A notorious strategy that saw use from many competitive players was teaching Smeargle the move Dark Void, the signature move of the Pokémon Darkrai; the move puts all opponents to sleep, which allowed the player to use to switch to a stronger Pokémon to deal damage, with a popular choice to tag-team into being the Pokémon Kyogre. Even though the strategy did not have many options in order to counter it, according to competitive player Toler Webb, even the few counters it did have were hard to strategize alongside other team combination due to its constant appearance in competitive play. Writing for Kotaku on his experience at a tournament, journalist Mike Rougeau compared a capable player using the strategy to "watching a pair of headlights bear down on you in the dark." Another set-up, known as "Moody Smeargle", relied on the in-game ability of the same name and saw a large amount of use from players during the 2016 Pokémon World Championships. Both these set-ups caused frustration and pushback within the Pokémon competitive community with some members calling for the set-ups or even Smeargle itself banned from future tournaments, including professional player PokeaimMD during an interview with Kill Screen. Smeargle would eventually also be banned until it lost the ability to learn Dark Void. In the following generation, Dark Void had the accuracy of the move working drop to a 50% chance.

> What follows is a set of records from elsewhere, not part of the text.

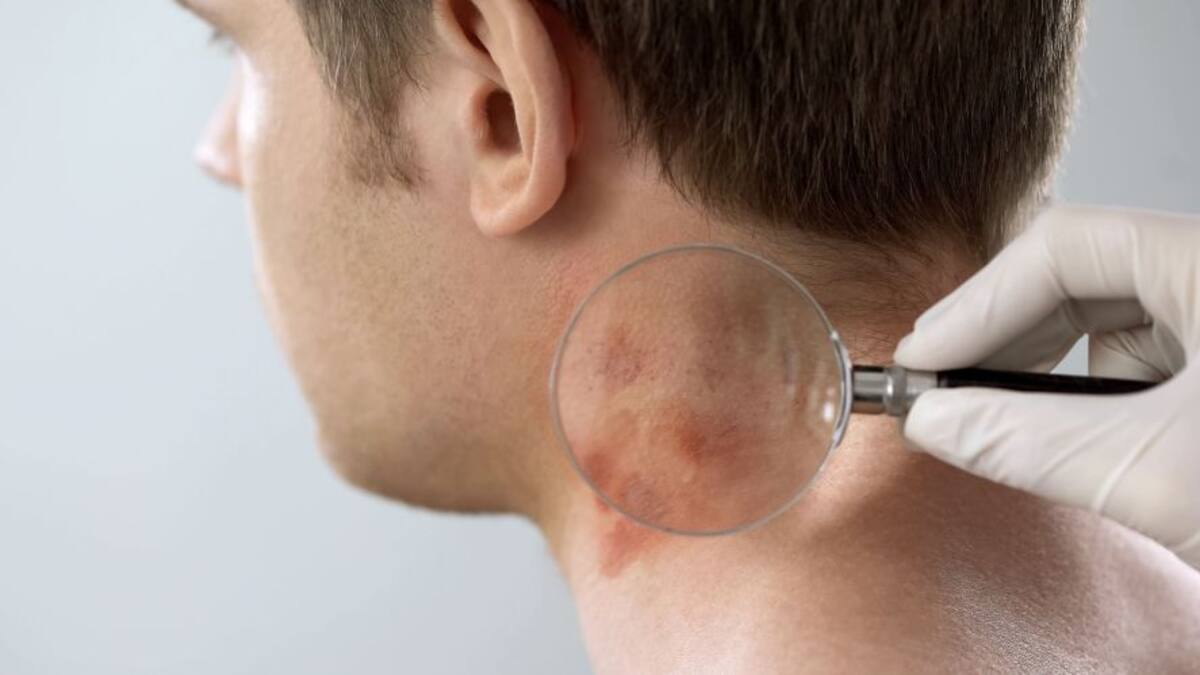 Qué es la psoriasis y cuáles son los tratamientos más efectivos y novedosos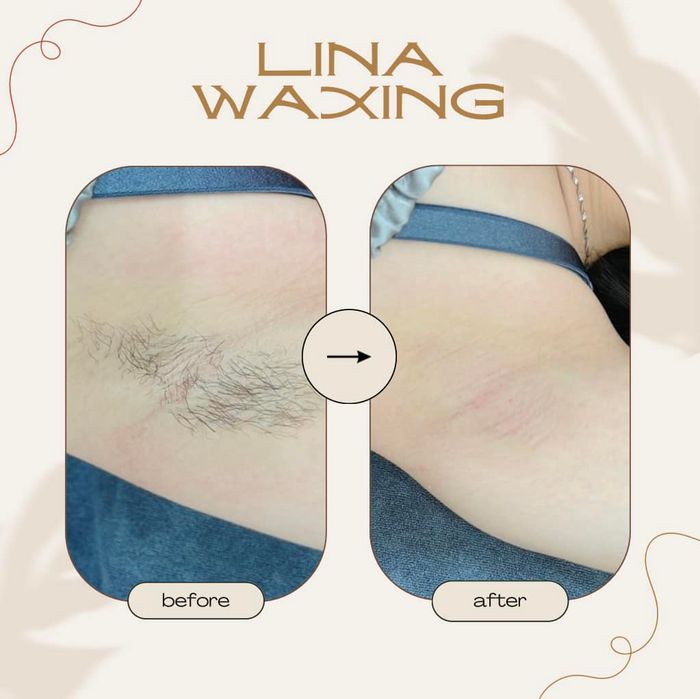 Hình ảnh minh họa dịch vụ waxing (Nguồn: Internet)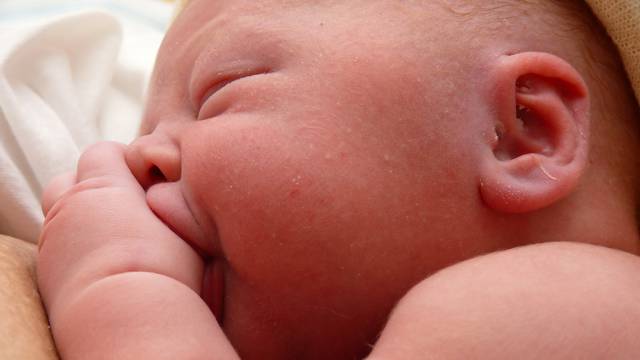 Teže bebe sklonije su kožnim ekcemima, alergijama na hranu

Smeargle has also seen use in fan challenges, exploits and experiments in Pokémon games, such as Pokémon Brilliant Diamond and Shining Pearl and Battle Revolution. Conducting a Nuzlocke challenge for Pokémon Moon, Neal Chandran from RPGFan described Ilima's Smeargle as a difficult challenge due to it having good stats for early game, describing it as a "real killer" for Nuzlocke runs. In Scarlet and Violet, Smeargle is capable of dealing the most damage in the series' history. It was discovered in October 2024 that through a specific strategy involving the Pokémon Blaziken and multiple different moves such as Last Respects, the player's Smeargle is capable of dealing over 2.6 billion damage to the opponent. A further test and change to the strategy later found that it was possible for Smeargle to deal over 7.83 billion damage. Conversely, another strategy was discovered that used three Smeargle and a Blissey, allowing for the latter to heal the most hit points (HP) in a single turn, totalling at 2,294HP.